Member of the New South Wales Parliament for Lake Macquarie
- Preceded by: Jim Simpson
- Succeeded by: Jeff Hunter

Personal details
- Born: 23 February 1926 Waratah, New South Wales
- Died: 2 January 2013 (aged 86) Arcadia Vale, New South Wales
- Party: Labor Party
- Profession: Fitter

= Merv Hunter =

Australian politician

Mervyn (Merv) Leslie Hunter (23 February 1926 – 2 January 2013) was an Australian politician. He was the state Member of Parliament for the electorate of Lake Macquarie representing the Labor Party (ALP) in the New South Wales Legislative Assembly from 1969 to 1991 and was the Shire President of the City of Lake Macquarie in 1969, resigning to enter the NSW Parliament. His son Jeff Hunter was the member for Lake Macquarie from 1991 to 2007.

He was a fitter and turner by trade. He was educated at Adamstown Public School, Newcastle Junior High School, Junee High School and Newcastle Technical College. He apprenticed as a fitter and turner, previously fitter and machinist.

Hunter joined the Labor Party in 1959. He was President of the New South Wales Parliamentary Labor Party, Member of Caucas committees on Local Government; Water Resources; Housing; Mineral Resources; Industry and Small Business; Energy and Technology.

Hunter was the Shire President of the Shire of Lake Macquarie in 1969 and Deputy President from 1965 to 1969. He served in the Shire of Lake Macquarie as an Alderman from 1962 to 1971. He left Local Government after the expiry of his term as an Alderman to continue on in his position as member for Lake Macquarie.

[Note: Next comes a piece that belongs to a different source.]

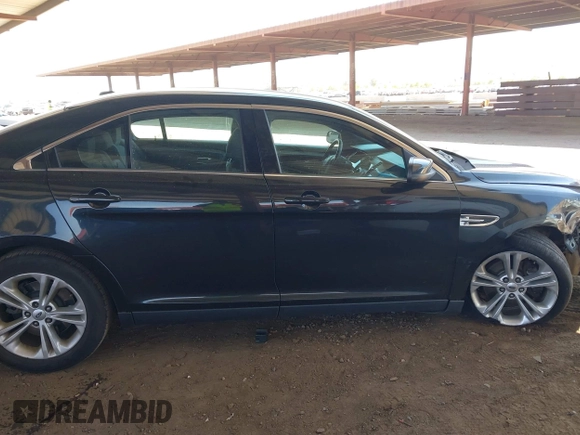 2014 Ford Taurus SEL with VIN 1FAHP2E82EG153430, listed as a IAAI auction lot 42022188 with 193,947 mi miles and . Bid and sale history available at DreamBid. Image 13.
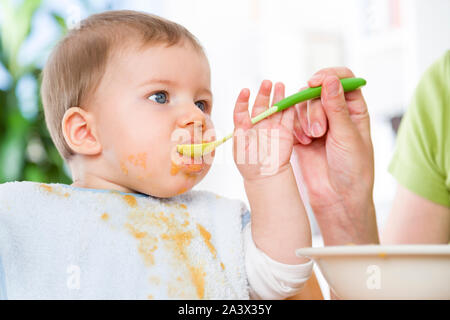 Close up of cute messy baby boy eating his meal. Stock Photo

Two of Hunter's sons, Jeff and Alan Hunter, were Councillors on the City of Lake Macquarie. Jeff later succeeded his father as member for Lake Macquarie.

After retiring from politics, Hunter retired to the suburb of Arcadia Vale in Southern Lake Macquarie. He enjoyed recreational interests in swimming, lawn bowls and sailing in retirement and was given Life Membership to Wangi Wangi Workers Club in Southern Lake Macquarie. He died in January 2013.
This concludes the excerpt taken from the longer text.